История открывала ему свои бесконечные горизонты: то он погружался в индийскую древность, в ее античные таинства с белыми слонами и богами, высеченными в заброшенных пещерах, то вставал перед ним Египет, возделывая отвердевший ил, принесенный стариком Нилом; Греция притаилась в тени гранитных изваяний и затянула приветственный гимн, белея обхватившими ногу ремешками сандалий, а то возникали темные эпохи, где человечество еще робко тянулось к свету, в сомненьях и тревоге ища старых идолов и обретая новых богов.
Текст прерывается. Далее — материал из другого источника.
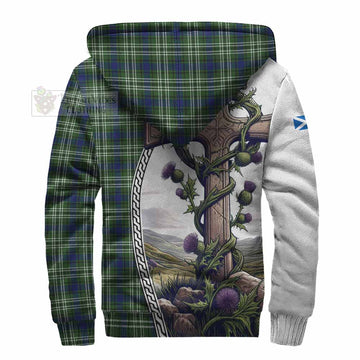 Swinton Tartan Sherpa Hoodie with Family Crest and St. Andrew's Cross Accented by Thistle Vines - Tartan Vibes Clothing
Еще оставаясь поверхностным и не все ясно различая, одновременно горя страстью к знанию и томясь ленью, он невольно перескакивал от одной мысли к другой, подолгу засиживаясь над каким-нибудь письмом и оставляя без внимания нужный ему язык, двигался дальше, впадая то в колебания, то в соблазн поспешных утверждений, обуреваемый внезапным восторгом перед той или иной системой мысли либо ярким образом, занимаясь анализом, но всей душой тяготея к синтезу, притом с риском упустить из виду самые необходимые подробности картины, коль скоро по мере приближения к целому чересчур стесняли отдельные частности, никуда не вписывающиеся, противоречивые, — ум спотыкался об них. Жюль слишком уповал на мощь своего интеллекта, но глаза были больше желудка — переварить все не удавалось; тем не менее он приучил себя не требовать от идеала той очевидности, коей последний не обладал, а от жизни человеческой — большего счастья, чем она была способна вместить; и все же ему приходилось несладко: он был рожден с великой предрасположенностью искать под яблоней аромата апельсинов и принимать за фонарики надутые бычьи пузыри.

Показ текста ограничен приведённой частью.